Graylog UI stops responding after a while

Hi,

we have been running one Graylog server about a year, but recently UI stopped responding. Server is Ubuntu 18 running Graylog version 3.1.2. Server has two network interfaces. Environment has also proxy.

What happens is that Graylog server works normally max few minutes after service is started and then UI stops responding. Nothing special appears in the logs before or after UI hangs. Logs are collected without problem all the time. If you restart graylog-server service then it will respond again some minutes, which should exclude that problem is caused by proxy or some other external factor.

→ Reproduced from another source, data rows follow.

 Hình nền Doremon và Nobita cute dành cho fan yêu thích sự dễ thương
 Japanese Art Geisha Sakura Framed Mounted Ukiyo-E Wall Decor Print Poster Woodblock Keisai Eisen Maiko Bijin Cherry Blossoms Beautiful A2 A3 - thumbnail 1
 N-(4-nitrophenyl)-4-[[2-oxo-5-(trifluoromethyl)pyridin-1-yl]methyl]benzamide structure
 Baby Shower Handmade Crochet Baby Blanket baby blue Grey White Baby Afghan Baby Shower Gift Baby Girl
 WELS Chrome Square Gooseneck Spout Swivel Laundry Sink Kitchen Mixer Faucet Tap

After UI stops responding, existing connections are ending up to CLOSE_WAIT state when taking a look with netstat. After hanging the UI, wget from localhost will show:

wget http://x.x.x.x:9000

Connecting to x.x.x.x:9000… connected.
HTTP request sent, awaiting response…

Any tips what could cause the problem or how to further debug?

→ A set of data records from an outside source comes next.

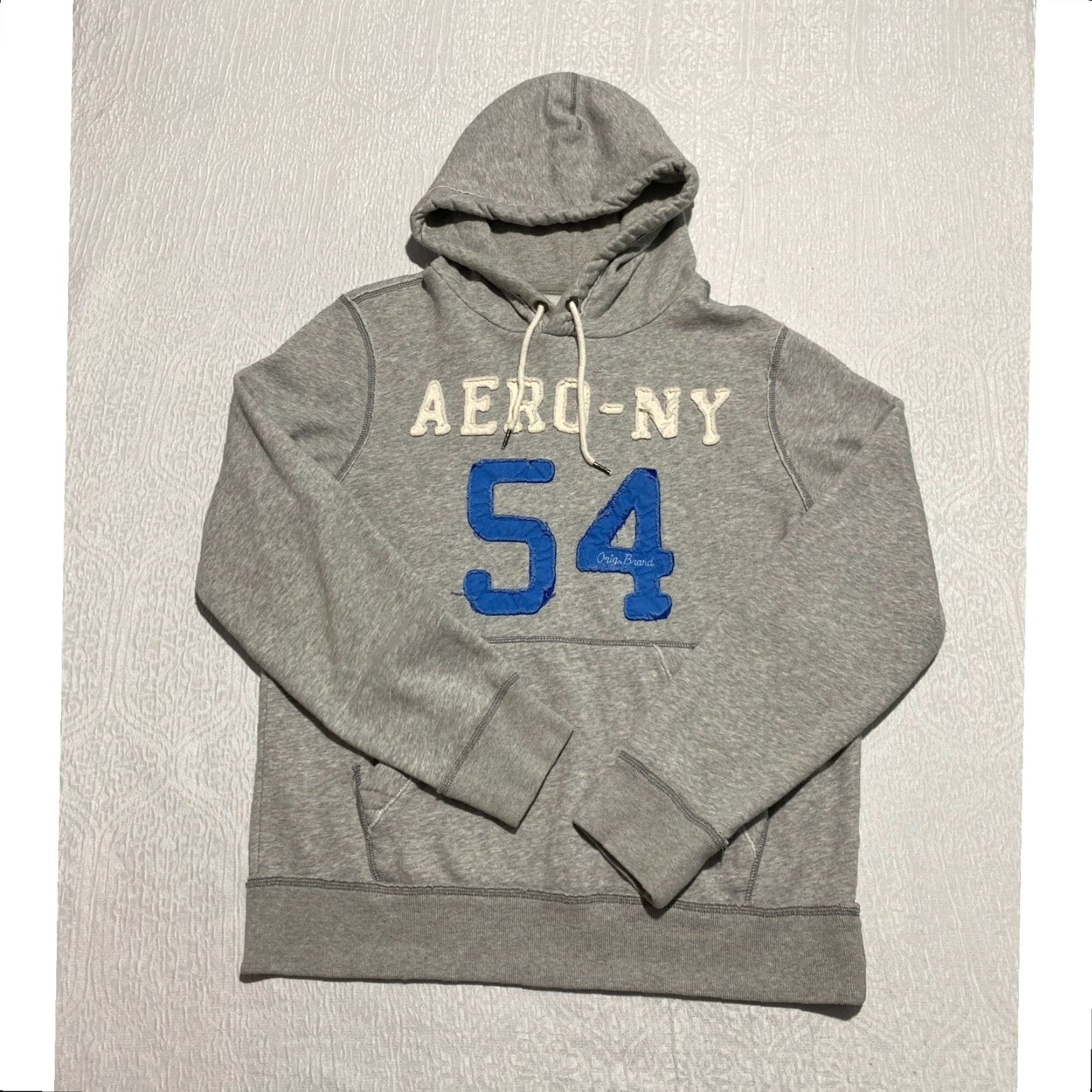 Aeropostale Aeropostale Hoodie Pullover Mens L Gray 54 Pocket Logo Hooded Sweatshirt Size US L / EU 52-54 / 3 - 2 Thumbnail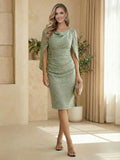 Sheath Boat Neck Cape Sleeve Knee Length Simple Mother of the Bride Dresses (SHI22500234)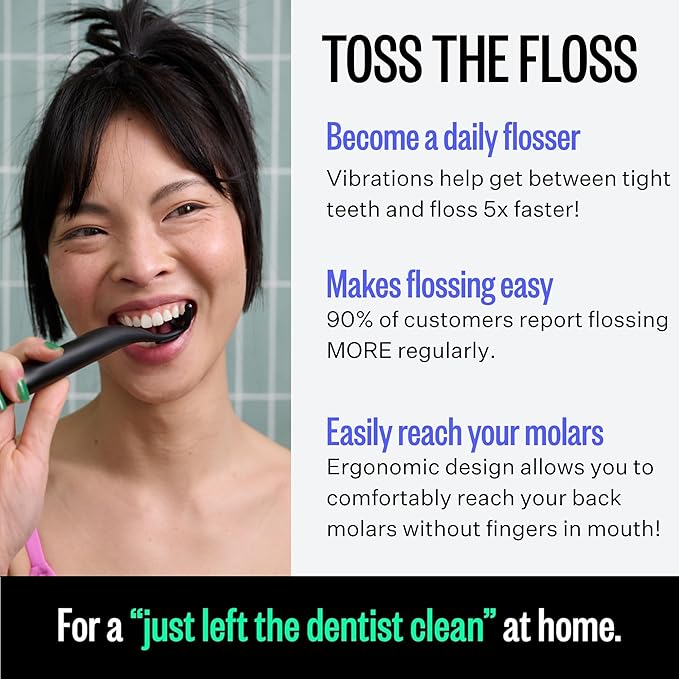 FLAUS Electric Flosser Refills (Oprah's List, Shark Tank) 90ct Extra Strong Woven Dental Floss Heads - No Break, Ultra Durable Refillable Dental Floss Picks for Teeth, Flossing Denstist Tooth Flossers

We know the situation on an older version, seems to be running out of memory. Check it with top or htop.
Memory for the server can be set here: /etc/sysconfig/graylog-server

Other option is the arp cache that is flushed bij default after 300 sec.

Thanks for the tips, Arie. I increased max memory from 1gb to 4gb in /etc/default/graylog-server (-Xmx4g), but still same effect.

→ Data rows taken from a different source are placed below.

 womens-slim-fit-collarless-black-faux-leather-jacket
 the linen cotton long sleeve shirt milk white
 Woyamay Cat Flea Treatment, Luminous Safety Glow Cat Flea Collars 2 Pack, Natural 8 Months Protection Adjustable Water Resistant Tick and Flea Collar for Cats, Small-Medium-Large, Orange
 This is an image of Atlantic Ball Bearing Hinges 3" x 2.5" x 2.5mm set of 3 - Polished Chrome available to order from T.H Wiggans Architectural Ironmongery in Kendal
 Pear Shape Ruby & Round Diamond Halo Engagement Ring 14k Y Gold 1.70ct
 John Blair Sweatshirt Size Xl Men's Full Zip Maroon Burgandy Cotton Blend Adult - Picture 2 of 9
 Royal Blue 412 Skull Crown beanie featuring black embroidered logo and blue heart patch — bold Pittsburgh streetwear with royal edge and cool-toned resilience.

Does Graylog have it’s own arp cache? I checked the Ubuntu arp cache and it seems to contain valid entries.

It does not has it’s own cache, and 4GB is not what is needed for graylog. Here it’s at 2 GB.

Strange behavior, your problem seams to be network related. Anything in syslog or the graylog log?

Try clearing your dns cache;
sudo systemd-resolve - -flush-caches
and look at the stats; sudo system-resolve - -statistics

and try to connect

Try clearing your arp cache:
service nscd restart

and try to connect

Can you connect locally to the site with curl http://X.X.X.X:9000

Flushing caches did not help and stats show that they really were flushed. Logs have no indication of relevant errors or warnings. This really is a strange problem as we have also other systems running on same server (different ports) they are working fine. Therefore, problem is somehow related to Graylog, but haven’t been able to figure out how.

@rnh
Hello,

By chance were there any updates applied to your GL Server before this happened?

Are you running apache or Nginx?
Sometime after restarting the proxy service it seams to clean thing up, just an idea.

Hello

By chance were there any updates applied to your GL Server before this happened?

We have just installed standard Ubuntu server updates. Even Graylog server has not been updated. We needed to remove IPv6 support from host (in /etc/sysctl.conf), but they have been restored. I thing we noticed was that some update had messed up /etc/hosts file so that 127.0.0.1 was set to server name, not to localhost. There was no entry for localhost. We modified it back (127.0.0.1 localhost and other IP addresses actual server name). And caches have been flushed since, so naming should be fine.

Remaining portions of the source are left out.